5 Questions for the Arts in the Church

(Note: I lost my wedding ring last Sunday and it has providentially re-appeared today. I can't tell you how happy I am. I feel like that woman with the lost coin in Jesus' parable.)

Christians from the very beginning of the church have had to answer five questions about the role of art in the church. These questions are of a fundamental sort. They do not determine what exactly we will do with, say, visual art or music. They will reveal rather what we believe to be truthful and necessary for the well-being of the church. The answers to these questions are by no means straightforward. A great deal revolves around how we interpret the Scriptures. Our personal and ecclesial histories will factor in. But as you look back on history and as you look around you at the practices of contemporary churches, everybody will have answered these five questions, whether consciously or unconsciously. Whether we've articulated our answers is a separate matter. The fact remains: our actions have answered the questions for us. Here they are.

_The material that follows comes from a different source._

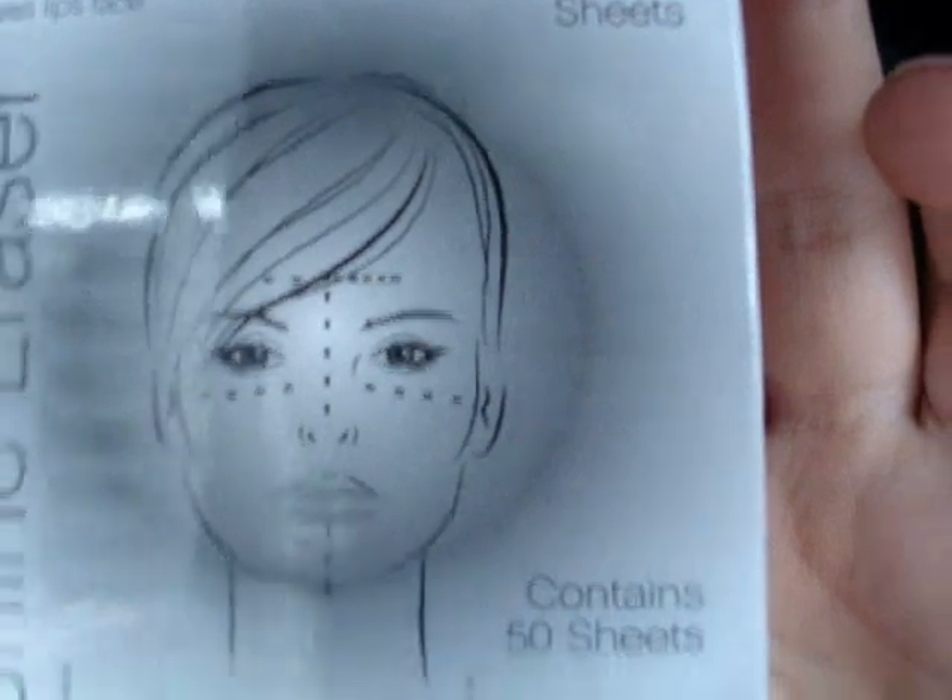The next thing I bought was their blotting sheets. I bought three packs of these for school, because I tend to get really oily around here, my nose, and my forehead. They actually work really well — it comes with 50 sheets and they're a dollar for a pack, so I bought three of them. They absorb the oil really well, and after that your face is all nice and matte.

1. What is stated explicitly in Scripture about the arts?

2. What is stated implicitly in Scripture?

3. What is warranted by history?

4. What is pastorally salutary?

5. What is good for the unity of the church at large?

Pick any art form in any particular manifestation and work your way through these questions. Take something easy for starters, say music. Let's attempt a brief exercise. Let's slot in answers for music.

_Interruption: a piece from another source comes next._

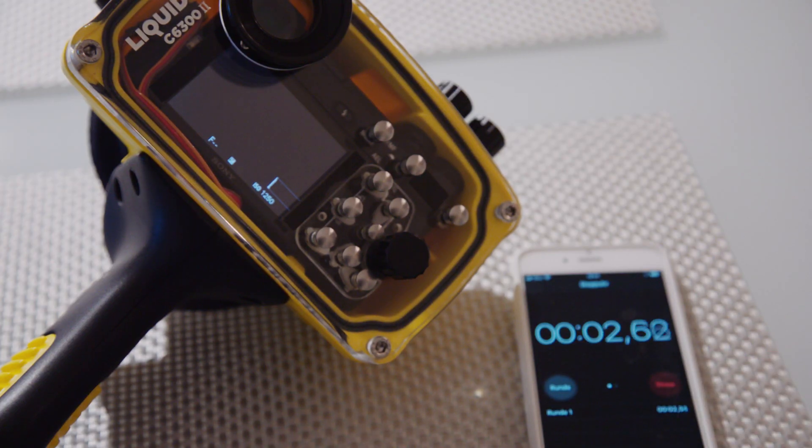Here I have my Alpha 6300 inside my housing. As you can see, the power save start time is set to 10 seconds — the shortest time. And right now, the camera won't go into power saving mode while in the housing.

1. Really this question comes as a two-headed hydra: What does Scripture prescribe and what does it proscribe? Plenty, for example, is said positively about music in the Psalter. But how you perceive music's proper role in the church will depend on a) how you interpret passages in the NT such as Ephesians 5:19 and b) whether you believe the NT's relative silence on instruments suggests a positive or negative estimation of instruments. The language of Hebrews about "shadows and figures" vis-a-vis the OT will also loom large. You will find plenty of passages in the prophetic literature which comment "negatively" on music. Is this commentary a universal disapproval of music or only of the misuse or abuse of music?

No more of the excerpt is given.